- Born: Juthavachara Mahidol 29 August 1979 (age 47) Bangkok, Thailand
- Other name: Max
- Education: Embry–Riddle Aeronautical University; Thomas Jefferson School of Law;
- Occupation: Aerospace engineer
- Spouse: Riya Gough ​(m. 2013)​
- Children: 3
- Parents: Vajiralongkorn (father); Sujarinee Vivacharawongse (mother);
- Relatives: Bhumibol Adulyadej (grandfather)

= Juthavachara Vivacharawongse =

Son of Rama X and former Thai prince

Juthavachara Vivacharawongse (จุฑาวัชร วิวัชรวงศ์ ; born 29 August 1979) is a Thai-American aerospace engineer and former member of the Thai royal family. Born as the first son of then Crown Prince Vajiralongkorn, he fled Thailand after being banished in 1996 along with his younger brothers and mother. He now goes by the anglicised name Max.

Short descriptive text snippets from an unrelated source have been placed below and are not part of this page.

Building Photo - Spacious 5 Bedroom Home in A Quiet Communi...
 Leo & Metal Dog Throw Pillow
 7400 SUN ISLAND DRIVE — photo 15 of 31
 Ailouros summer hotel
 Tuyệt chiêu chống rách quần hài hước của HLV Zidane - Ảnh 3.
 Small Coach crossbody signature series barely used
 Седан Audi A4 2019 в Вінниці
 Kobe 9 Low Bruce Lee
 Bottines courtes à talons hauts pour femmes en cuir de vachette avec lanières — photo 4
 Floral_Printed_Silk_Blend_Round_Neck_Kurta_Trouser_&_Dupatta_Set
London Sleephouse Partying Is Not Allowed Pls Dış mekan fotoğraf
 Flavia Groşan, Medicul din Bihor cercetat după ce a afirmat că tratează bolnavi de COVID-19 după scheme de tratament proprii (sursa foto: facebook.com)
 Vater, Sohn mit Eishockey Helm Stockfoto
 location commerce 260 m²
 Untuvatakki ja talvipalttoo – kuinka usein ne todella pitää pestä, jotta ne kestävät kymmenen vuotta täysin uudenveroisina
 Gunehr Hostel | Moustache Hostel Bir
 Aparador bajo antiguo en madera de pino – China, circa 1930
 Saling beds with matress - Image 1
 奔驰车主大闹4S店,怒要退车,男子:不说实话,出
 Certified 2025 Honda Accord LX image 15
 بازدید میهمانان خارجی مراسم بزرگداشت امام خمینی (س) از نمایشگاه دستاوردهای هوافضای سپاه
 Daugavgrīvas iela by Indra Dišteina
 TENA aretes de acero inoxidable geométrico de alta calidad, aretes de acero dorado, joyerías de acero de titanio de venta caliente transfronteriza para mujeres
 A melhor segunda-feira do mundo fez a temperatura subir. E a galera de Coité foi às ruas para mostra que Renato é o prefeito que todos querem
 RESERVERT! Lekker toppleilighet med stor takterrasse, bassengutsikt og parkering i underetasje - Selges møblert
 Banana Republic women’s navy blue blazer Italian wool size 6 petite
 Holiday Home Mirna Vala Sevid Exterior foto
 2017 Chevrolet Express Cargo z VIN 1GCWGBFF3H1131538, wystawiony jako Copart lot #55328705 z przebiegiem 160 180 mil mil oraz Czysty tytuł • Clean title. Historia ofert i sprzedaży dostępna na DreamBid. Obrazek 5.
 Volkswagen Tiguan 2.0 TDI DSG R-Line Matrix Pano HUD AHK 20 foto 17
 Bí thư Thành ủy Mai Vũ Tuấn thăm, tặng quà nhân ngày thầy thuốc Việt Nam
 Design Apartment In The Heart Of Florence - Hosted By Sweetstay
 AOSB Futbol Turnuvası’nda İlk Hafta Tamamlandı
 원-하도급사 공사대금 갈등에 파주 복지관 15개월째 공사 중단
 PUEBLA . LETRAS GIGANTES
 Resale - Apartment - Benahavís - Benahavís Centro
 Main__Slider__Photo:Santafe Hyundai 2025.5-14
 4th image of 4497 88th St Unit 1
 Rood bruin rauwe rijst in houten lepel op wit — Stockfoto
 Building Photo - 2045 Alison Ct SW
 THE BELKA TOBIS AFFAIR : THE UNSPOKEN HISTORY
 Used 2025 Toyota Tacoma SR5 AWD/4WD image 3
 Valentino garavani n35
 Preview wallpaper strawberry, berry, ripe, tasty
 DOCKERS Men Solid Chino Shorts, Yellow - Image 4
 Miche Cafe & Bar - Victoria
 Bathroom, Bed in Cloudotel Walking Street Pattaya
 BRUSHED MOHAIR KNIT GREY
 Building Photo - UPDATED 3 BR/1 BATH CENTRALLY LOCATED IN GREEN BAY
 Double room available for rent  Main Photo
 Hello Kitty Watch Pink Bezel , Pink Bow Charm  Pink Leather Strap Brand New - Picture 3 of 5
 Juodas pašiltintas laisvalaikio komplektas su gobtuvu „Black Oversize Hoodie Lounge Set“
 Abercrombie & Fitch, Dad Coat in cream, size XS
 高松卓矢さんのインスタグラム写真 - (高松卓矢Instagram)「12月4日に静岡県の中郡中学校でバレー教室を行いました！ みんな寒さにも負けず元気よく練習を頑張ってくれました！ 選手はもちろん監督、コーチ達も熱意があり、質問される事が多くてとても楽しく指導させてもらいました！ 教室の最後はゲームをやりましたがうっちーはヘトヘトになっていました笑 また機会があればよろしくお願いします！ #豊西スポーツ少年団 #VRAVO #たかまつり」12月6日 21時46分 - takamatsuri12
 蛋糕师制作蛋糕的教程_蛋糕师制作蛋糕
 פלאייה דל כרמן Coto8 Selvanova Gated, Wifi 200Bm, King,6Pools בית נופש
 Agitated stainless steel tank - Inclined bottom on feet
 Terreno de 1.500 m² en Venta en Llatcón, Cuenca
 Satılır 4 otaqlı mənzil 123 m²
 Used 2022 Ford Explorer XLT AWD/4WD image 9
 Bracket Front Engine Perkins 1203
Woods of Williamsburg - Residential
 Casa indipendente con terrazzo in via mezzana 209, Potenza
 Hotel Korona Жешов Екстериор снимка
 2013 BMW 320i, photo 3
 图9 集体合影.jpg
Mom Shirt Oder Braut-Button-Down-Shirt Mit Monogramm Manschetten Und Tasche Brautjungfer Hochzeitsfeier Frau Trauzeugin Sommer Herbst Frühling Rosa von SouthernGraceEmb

== Early life and education ==
Juthavachara was born on 29 August 1979. He was the first son of King (then Crown Prince) Vajiralongkorn and his then 17-year old extramarital partner Yuvadhida Polpraserth (who later changed her name to Sujarinee Vivacharawongse). His birth name was Mom Chao Juthavachara Mahidol, "Mom Chao" being the lowest princely rank among Thai royal titles. He has three younger brothers and a younger sister as well as a number of half-siblings from his father's other relationships. After Vajiralongkorn obtained the divorce from his first wife, Juthavachara's parents married in 1994 and their children were presented to the public as members of the royal family.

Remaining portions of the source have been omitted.